The listing below holds pictures; exclude them. Return exactly the lines from the one with "Damen Kleid aus" through the one with "Quarter Zip Pullover".
Segment Start: Input records
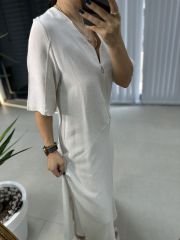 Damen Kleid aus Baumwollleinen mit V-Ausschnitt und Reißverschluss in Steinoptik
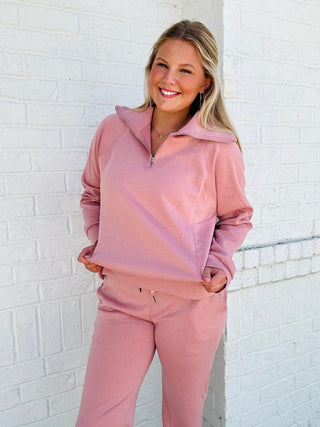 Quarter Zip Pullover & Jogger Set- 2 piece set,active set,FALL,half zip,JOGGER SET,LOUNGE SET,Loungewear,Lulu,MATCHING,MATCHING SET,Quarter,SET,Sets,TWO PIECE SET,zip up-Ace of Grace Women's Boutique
Segment End: Input records
Segment Start: Input records
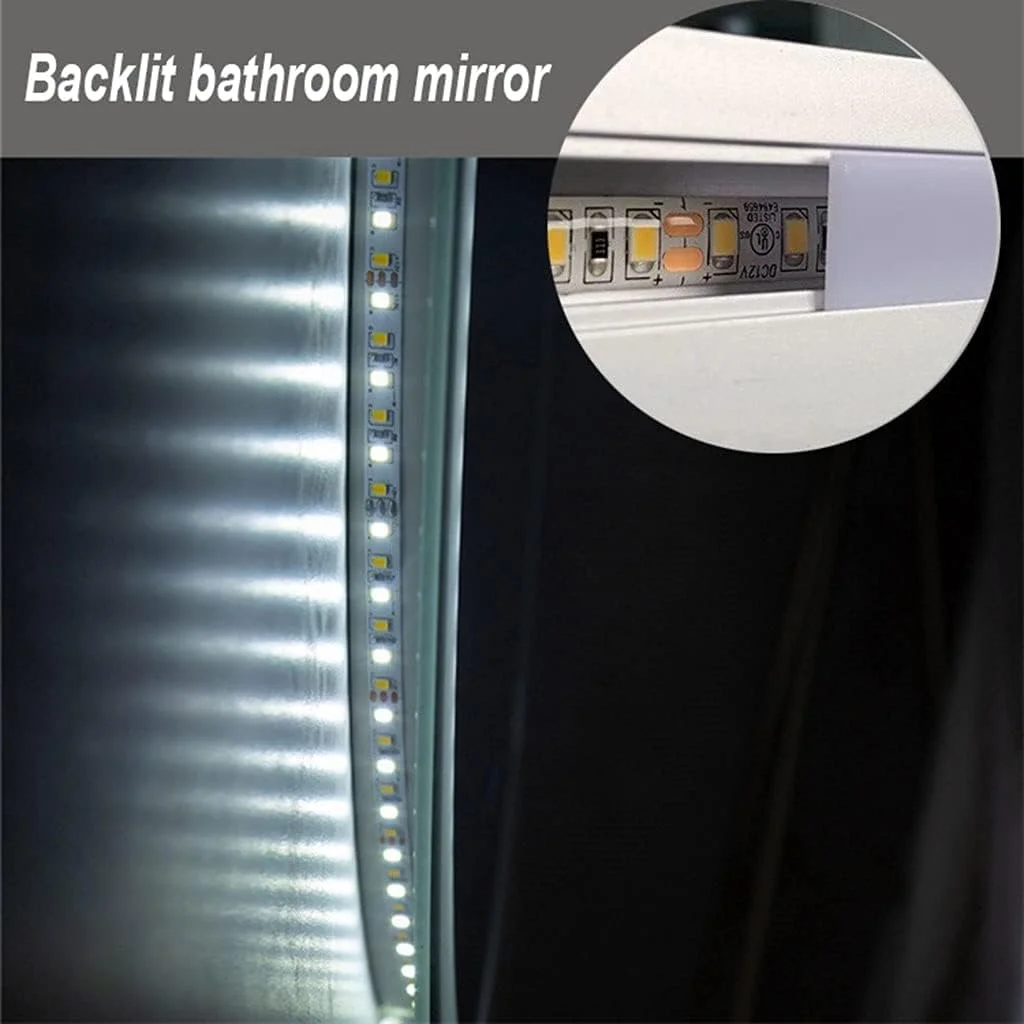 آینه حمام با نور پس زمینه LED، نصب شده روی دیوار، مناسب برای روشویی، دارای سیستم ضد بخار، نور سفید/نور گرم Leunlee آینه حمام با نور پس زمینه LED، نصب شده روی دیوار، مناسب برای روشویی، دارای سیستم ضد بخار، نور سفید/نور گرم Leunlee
Segment End: Input records
Task solution
 Damen Kleid aus Baumwollleinen mit V-Ausschnitt und Reißverschluss in Steinoptik
 Quarter Zip Pullover & Jogger Set- 2 piece set,active set,FALL,half zip,JOGGER SET,LOUNGE SET,Loungewear,Lulu,MATCHING,MATCHING SET,Quarter,SET,Sets,TWO PIECE SET,zip up-Ace of Grace Women's Boutique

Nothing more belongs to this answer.